---------- THE DATA ----------

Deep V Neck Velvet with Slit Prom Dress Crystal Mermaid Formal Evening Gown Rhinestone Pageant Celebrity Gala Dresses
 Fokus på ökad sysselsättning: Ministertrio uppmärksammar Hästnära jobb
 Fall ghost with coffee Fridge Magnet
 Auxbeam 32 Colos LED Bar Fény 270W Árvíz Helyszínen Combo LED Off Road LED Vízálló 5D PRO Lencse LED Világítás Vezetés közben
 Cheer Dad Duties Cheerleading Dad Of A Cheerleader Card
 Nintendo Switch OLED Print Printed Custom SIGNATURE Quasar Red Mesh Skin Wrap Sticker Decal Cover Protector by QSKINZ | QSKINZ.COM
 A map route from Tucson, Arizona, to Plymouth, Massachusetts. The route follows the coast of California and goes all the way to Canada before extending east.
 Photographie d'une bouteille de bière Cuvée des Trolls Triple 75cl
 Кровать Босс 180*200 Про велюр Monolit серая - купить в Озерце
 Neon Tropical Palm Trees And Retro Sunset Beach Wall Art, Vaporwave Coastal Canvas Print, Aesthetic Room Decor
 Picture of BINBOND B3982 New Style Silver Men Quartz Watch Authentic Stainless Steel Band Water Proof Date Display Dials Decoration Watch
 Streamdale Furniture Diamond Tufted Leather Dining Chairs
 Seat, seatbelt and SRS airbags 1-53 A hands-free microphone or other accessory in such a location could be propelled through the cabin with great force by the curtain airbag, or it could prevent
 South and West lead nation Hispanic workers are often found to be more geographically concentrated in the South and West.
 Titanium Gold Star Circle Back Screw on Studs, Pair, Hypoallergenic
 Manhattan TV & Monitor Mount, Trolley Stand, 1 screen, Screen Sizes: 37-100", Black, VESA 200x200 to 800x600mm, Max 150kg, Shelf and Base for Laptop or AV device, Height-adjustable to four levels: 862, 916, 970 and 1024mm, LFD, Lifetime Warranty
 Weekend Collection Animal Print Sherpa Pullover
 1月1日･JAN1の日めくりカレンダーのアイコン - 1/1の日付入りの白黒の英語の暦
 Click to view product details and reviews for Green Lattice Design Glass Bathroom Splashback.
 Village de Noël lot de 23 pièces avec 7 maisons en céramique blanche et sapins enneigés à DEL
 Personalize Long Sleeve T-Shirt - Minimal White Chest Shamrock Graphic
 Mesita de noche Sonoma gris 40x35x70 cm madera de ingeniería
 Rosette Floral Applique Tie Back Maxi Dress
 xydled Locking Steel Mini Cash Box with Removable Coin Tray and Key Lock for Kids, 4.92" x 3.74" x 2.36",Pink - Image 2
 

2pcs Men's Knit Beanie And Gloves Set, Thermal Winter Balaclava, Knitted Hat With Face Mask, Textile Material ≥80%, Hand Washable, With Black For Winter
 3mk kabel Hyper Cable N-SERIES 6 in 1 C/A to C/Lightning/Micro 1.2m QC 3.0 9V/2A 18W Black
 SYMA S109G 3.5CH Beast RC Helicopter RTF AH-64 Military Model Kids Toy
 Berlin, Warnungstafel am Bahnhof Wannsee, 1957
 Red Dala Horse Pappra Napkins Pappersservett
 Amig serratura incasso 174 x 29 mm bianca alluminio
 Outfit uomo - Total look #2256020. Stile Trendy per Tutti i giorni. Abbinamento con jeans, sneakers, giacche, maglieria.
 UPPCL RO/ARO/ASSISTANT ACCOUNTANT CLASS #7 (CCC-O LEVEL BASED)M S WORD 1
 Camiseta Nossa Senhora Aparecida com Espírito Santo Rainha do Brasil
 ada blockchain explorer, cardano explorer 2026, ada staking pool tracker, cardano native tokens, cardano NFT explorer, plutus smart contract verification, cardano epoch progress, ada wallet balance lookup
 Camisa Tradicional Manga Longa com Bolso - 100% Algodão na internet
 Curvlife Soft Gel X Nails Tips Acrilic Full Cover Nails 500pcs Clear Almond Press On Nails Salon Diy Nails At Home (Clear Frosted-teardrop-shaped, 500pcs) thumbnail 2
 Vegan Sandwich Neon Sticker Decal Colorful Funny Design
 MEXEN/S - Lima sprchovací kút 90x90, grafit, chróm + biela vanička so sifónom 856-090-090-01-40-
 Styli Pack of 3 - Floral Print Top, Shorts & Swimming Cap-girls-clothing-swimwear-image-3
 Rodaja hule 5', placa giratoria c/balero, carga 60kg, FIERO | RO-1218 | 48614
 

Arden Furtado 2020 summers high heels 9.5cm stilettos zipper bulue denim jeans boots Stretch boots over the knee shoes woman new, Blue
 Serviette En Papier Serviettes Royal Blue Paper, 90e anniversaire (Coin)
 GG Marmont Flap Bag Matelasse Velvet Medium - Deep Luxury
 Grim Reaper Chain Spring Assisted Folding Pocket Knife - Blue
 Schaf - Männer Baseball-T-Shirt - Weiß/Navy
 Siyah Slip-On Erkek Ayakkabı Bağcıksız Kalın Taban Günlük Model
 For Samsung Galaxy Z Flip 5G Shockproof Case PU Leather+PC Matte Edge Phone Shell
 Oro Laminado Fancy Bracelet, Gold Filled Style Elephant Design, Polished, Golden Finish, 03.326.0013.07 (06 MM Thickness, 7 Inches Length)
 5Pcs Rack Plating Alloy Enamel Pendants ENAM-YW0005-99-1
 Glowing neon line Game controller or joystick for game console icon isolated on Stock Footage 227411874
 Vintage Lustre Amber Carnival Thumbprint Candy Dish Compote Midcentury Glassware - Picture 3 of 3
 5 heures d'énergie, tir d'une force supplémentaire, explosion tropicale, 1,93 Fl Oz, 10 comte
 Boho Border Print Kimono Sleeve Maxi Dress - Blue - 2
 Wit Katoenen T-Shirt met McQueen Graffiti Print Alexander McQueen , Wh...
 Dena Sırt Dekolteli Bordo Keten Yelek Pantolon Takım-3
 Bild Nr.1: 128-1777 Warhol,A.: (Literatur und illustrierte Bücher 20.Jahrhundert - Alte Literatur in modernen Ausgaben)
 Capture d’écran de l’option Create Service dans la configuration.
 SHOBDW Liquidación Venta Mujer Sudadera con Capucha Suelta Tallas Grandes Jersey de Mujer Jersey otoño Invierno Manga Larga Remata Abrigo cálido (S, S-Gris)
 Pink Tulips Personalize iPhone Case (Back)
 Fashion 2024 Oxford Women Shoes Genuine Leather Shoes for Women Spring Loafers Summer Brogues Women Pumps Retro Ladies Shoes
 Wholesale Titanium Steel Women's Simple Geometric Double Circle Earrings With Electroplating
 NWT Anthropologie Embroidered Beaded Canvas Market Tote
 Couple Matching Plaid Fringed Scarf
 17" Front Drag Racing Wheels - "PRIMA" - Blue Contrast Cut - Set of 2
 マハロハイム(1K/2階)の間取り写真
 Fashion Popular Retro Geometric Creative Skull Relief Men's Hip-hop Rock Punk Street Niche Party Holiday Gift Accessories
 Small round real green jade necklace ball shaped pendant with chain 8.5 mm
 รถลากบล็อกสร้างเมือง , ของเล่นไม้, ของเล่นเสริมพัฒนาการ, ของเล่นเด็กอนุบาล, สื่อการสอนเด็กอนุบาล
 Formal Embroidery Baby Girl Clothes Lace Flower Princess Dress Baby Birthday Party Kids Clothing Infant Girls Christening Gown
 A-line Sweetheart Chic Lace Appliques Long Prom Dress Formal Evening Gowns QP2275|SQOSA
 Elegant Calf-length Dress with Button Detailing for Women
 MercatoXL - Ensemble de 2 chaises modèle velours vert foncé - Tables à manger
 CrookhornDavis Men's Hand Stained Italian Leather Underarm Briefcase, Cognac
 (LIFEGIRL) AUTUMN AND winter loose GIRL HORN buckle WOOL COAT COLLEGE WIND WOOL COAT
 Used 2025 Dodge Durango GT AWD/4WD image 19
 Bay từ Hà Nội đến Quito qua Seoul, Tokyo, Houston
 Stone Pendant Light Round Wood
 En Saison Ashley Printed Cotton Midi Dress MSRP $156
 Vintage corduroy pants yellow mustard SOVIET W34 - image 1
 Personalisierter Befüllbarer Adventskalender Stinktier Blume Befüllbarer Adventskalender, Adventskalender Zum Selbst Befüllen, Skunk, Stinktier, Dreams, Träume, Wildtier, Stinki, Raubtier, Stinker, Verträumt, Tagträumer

----------

WORK TO BE COMPLETED:
Lines to set down from above: the line with "Amig serratura incasso", the line with "Grim Reaper Chain", and every line between, each exactly as written.

REPLY:
 Amig serratura incasso 174 x 29 mm bianca alluminio
 Outfit uomo - Total look #2256020. Stile Trendy per Tutti i giorni. Abbinamento con jeans, sneakers, giacche, maglieria.
 UPPCL RO/ARO/ASSISTANT ACCOUNTANT CLASS #7 (CCC-O LEVEL BASED)M S WORD 1
 Camiseta Nossa Senhora Aparecida com Espírito Santo Rainha do Brasil
 ada blockchain explorer, cardano explorer 2026, ada staking pool tracker, cardano native tokens, cardano NFT explorer, plutus smart contract verification, cardano epoch progress, ada wallet balance lookup
 Camisa Tradicional Manga Longa com Bolso - 100% Algodão na internet
 Curvlife Soft Gel X Nails Tips Acrilic Full Cover Nails 500pcs Clear Almond Press On Nails Salon Diy Nails At Home (Clear Frosted-teardrop-shaped, 500pcs) thumbnail 2
 Vegan Sandwich Neon Sticker Decal Colorful Funny Design
 MEXEN/S - Lima sprchovací kút 90x90, grafit, chróm + biela vanička so sifónom 856-090-090-01-40-
 Styli Pack of 3 - Floral Print Top, Shorts & Swimming Cap-girls-clothing-swimwear-image-3
 Rodaja hule 5', placa giratoria c/balero, carga 60kg, FIERO | RO-1218 | 48614
 

Arden Furtado 2020 summers high heels 9.5cm stilettos zipper bulue denim jeans boots Stretch boots over the knee shoes woman new, Blue
 Serviette En Papier Serviettes Royal Blue Paper, 90e anniversaire (Coin)
 GG Marmont Flap Bag Matelasse Velvet Medium - Deep Luxury
 Grim Reaper Chain Spring Assisted Folding Pocket Knife - Blue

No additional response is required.